Personal information
- Nationality: British
- Born: 8 September 1972 (age 53) Southampton, England

Sport
- Sport: Swimming

= Thelma Young =

British Paralympic swimmer

Thelma Young (born 8 September 1972) is a Paralympic swimmer from Great Britain.

== Early life ==

Young was born in Southampton with a congenital bi-lateral hemangioma. It is visible on the skin of her right arm. She has bone and vascular problems also.

She learnt to swim at the age of 6 years at Eastleigh Leisure Centre, Southampton. She then joined City of Southampton Swimming Club.

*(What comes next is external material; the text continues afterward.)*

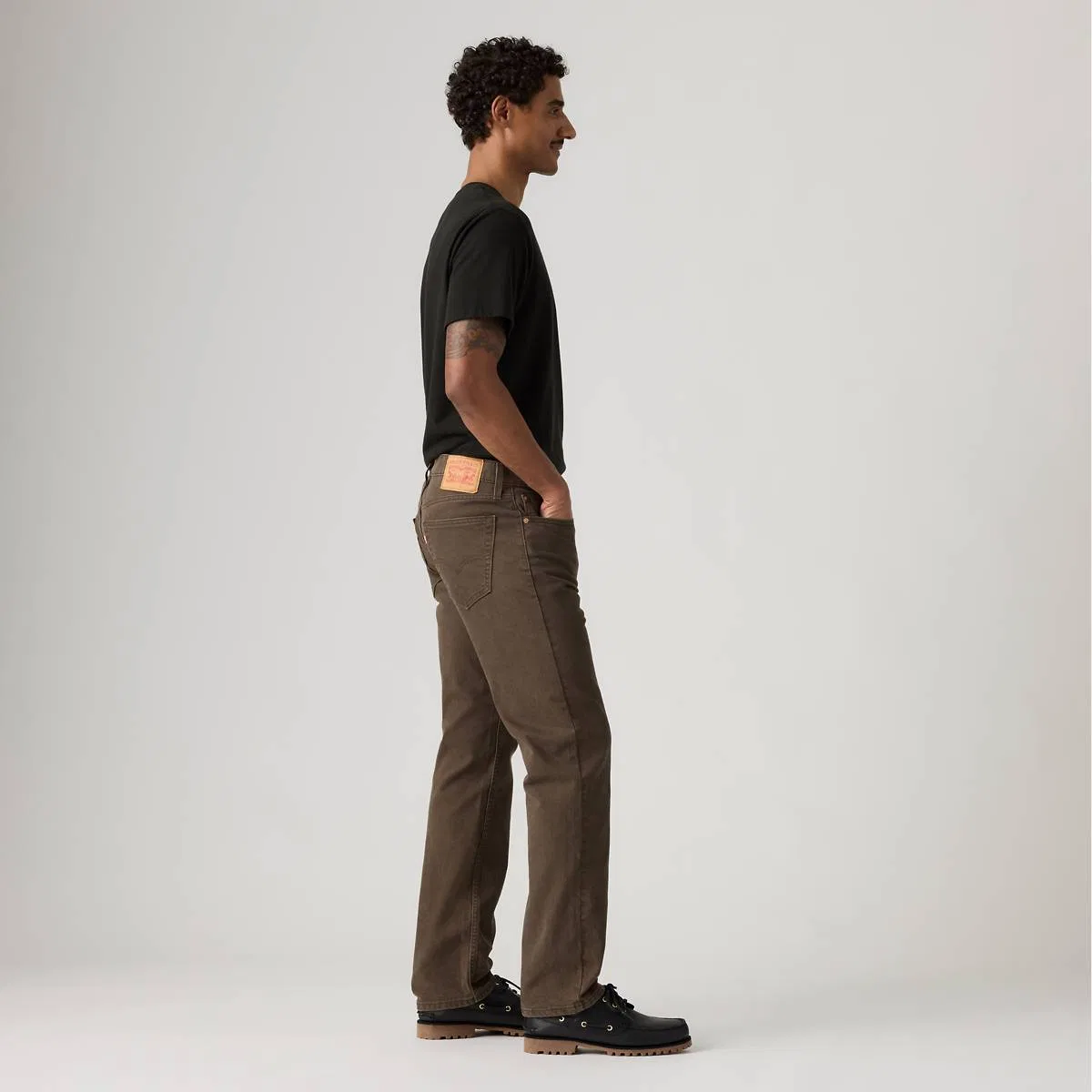 свободные прямые мужские джинсы 559 Levi's, Coffee - Brown — фото 4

She was coached by father (William Young), Dave Heathcock (City of Southampton Swim Coach) and Mary Jenner (Les Autres GB Coach).

=== Sporting career ===

Thelma joined the Les Autres GB squad in 1986 after competing in their national championships.

Her first international competition was the 1987 European Championships in Paris, France. She won two gold, two silver and two bronze medals in the L6 class.

At the 1988 Seoul Games, she won two gold medals in the Women’s 4 × 100 m medley relay A-L and 4 × 100 m Freestyle relay A-L with Dianne Barr, Joanne Round and Linda Walters and two bronze medals in the Women’s 100 m Breaststroke L6 and Women’s 100 m Backstroke L6 events.[1,2,3,4]

At the 1989 World Youth Games in Miami, USA, she won four gold medals in the L6 class.

At her last international, she won one gold medal at the 1990 World Championships and Games for the Disabled in Assen, the Netherlands.

Thelma has a total of 15 international medals - 9 gold.

Young had to retire in 1991 due to ill health.

=== Personal life ===

Since retiring, Thelma has completed a Bachelor of Science(Hons)Degree in Sport Science at the University of Portsmouth - 1995-1998.

She is currently involved with the Scout Association.